Two Kinds of Causal Series

One billiard ball imparts motion to another; an array of falling dominoes, one toppling over another; Abraham begets Isaac, and Isaac in turn begets Jacob; These events share in common a particular mode of causality, namely, that of one member conferring some perfection in a later member — e.g. being or motion — in such a way that the later member now possesses this perfection independently of the first member. Once a billiard ball is set in motion by another, it will continue in motion independently of the activity of the earlier member. Similarly, once Isaac begins to exist, he will continue on existing long after Abraham has passed. Each member is causally dependent on the previous member only initially — that is, during a temporal first moment — after which the relationship of dependency will only be accidental.

Imagine now a causal series where the dependency of every later member upon an earlier member is accidental in the sense outlined above. Once Z is brought into being, it can continue on existing without Y; once Y is brought into being, it can continue on existing without X; and so on and on….to infinity? Absent some proof that an infinite regress of causes is impossible, there is nothing about this type of series which logically demands a first event. Call this a horizontal series of causes.
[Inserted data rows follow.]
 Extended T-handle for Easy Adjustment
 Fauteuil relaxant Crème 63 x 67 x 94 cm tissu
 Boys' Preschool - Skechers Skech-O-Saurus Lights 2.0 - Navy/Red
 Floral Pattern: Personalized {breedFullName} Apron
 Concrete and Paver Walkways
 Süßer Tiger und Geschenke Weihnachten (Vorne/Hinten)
Unlike horizontal causal series, a vertical series of causes is such that no member in the series could be causally active, here and now, or at any point at which it exists, were it not for the concurrent activity of the other members. In other words, vertical causal series are such that the priority between each member is of a logical kind, and not of a temporal kind. A lake depends, here and now, upon warm air, which in turn depends, here and now, upon heat from the sun, itself dependent, here and now, upon nuclear reactions taking place within the sun; and so on. This chain of dependency takes the structure of a hierarchy, leading to ever deeper, more fundamental levels of explanation. And, like a hierarchy, it must necessarily culminate in a ‘top-level’ cause of the entire series, a cause that is first in the sense of being the most fundamental, that by the sake of which all subordinate causes bear the causal powers that they do.

Consider the following examples:

A: Think of a train pulling a series of freight cars. It is clear that every freight car derives its motion from an earlier member only in a proximate way. Each freight car owes its motion to another freight car which can impart it; but the same applies to that freight car, and so on [1]. There must be something which ultimately explains the power of motion of the entire series; something which imparts motion without deriving its power to do so from anything else. This “something” is the train engine. The train engine is the ‘first cause’ of the entire series, inasmuch as it is the most fundamental cause of the motion of the freight cars.

B: A twister causes great damage to your town. You find a crank radio, and hear an SOS transmission. You assemble a team to find the source of the transmission, which you trace back to a radio tower acting as a repeater. Have you found the source of the transmission? No, you haven’t. The radio tower is doing no more than receive the SOS signal from a previous source, amplifying it, and re-transmitting it. The search continues, and eventually you find the ultimate source of the transmission: a small group of survivors broadcasting from the outskirts of town. Because without a source of the transmission there would be no transmission to be received, one must ultimately arrive at some non-derivative source — namely, the survivor’s broadcast — of which all other members are but carriers.

[1] Note that the causal relation between each member is not temporal, but logical.